大脳皮質に記憶された短期記憶は。睡眠中に記憶の引き出しに仕舞われて、それが長期記憶になっていくのですが、その出し入れの役割をしているのは海馬というタツノオトシゴに似た形をした情報整理をする器官です。
睡眠中には脳は眠った状態ではあっても、眠りには深さの違いがあって、深い眠りのときには脳は大きく休んでいるために記憶の出し入れは行われていません。記憶の出し入れが行われるのは眠りが浅くなったときで、その状態のときに夢を見ています。
起床して覚えている夢は1つか2つですが、睡眠中には何度も夢を見ているものの、覚えていないだけです。浅い眠りのときには眼球が動いていて、これはレム睡眠と呼ばれます。急性眼球運動(rapid eye movement)の文字を取ってREM(レム)とされています。
深い眠りのときには、眼球は動いていないのでノンレム(non rapid eye movement)睡眠と呼ばれます。

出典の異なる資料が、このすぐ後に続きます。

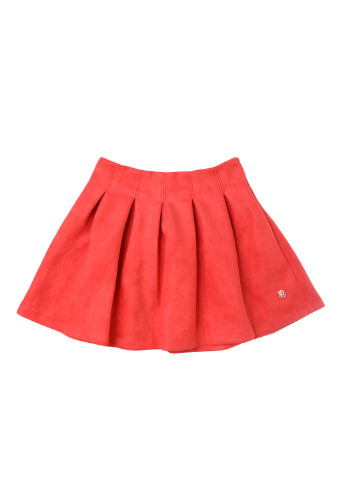 Красная кэжуал однотонная юбка Stefania мини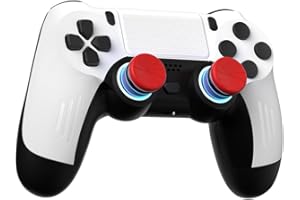 Wireless Controller Compatible for PS-5/Pro/Slim/PC, Gradient Color RGB Mode/haptic feedback/1000 mAH Battery/Motion Sensing/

深い-浅いの睡眠周期は個人差があるものの、平均すると90分周期で、45分は最も深い睡眠状態に向かい、後半の45分は浅い睡眠状態に向かうという大きな波を繰り返しています。
6時間の睡眠時間だと4回の大きな波があり、3回は夢を見る時間があり、そのときには脳の記憶の出し入れが行われています。このときに過去の記憶が引き出されて、新たな記憶と組み合わされて更新が行われます。
元から多くの記憶が蓄積されていれば、多くの更新が行われて、記憶の質が高まっていきます。また、睡眠の機会が多いほど記憶を更新する機会が多くなります。睡眠の機会といっても昼寝や居眠りのような短時間の睡眠ではなく、夜から朝までの睡眠のことを指しています。
ということは、年齢を重ねるほど記憶の更新が行われて、確固たる記憶になっていくということで、これが年齢を重ねても過去の記憶が失われない理由となります。
この仕組みは、忘れたい記憶があっても、なかなか消えることがなくて、夢の中に出てきて、起きてからも記憶に残って、辛い思いをすることになる仕組みでもあるのです。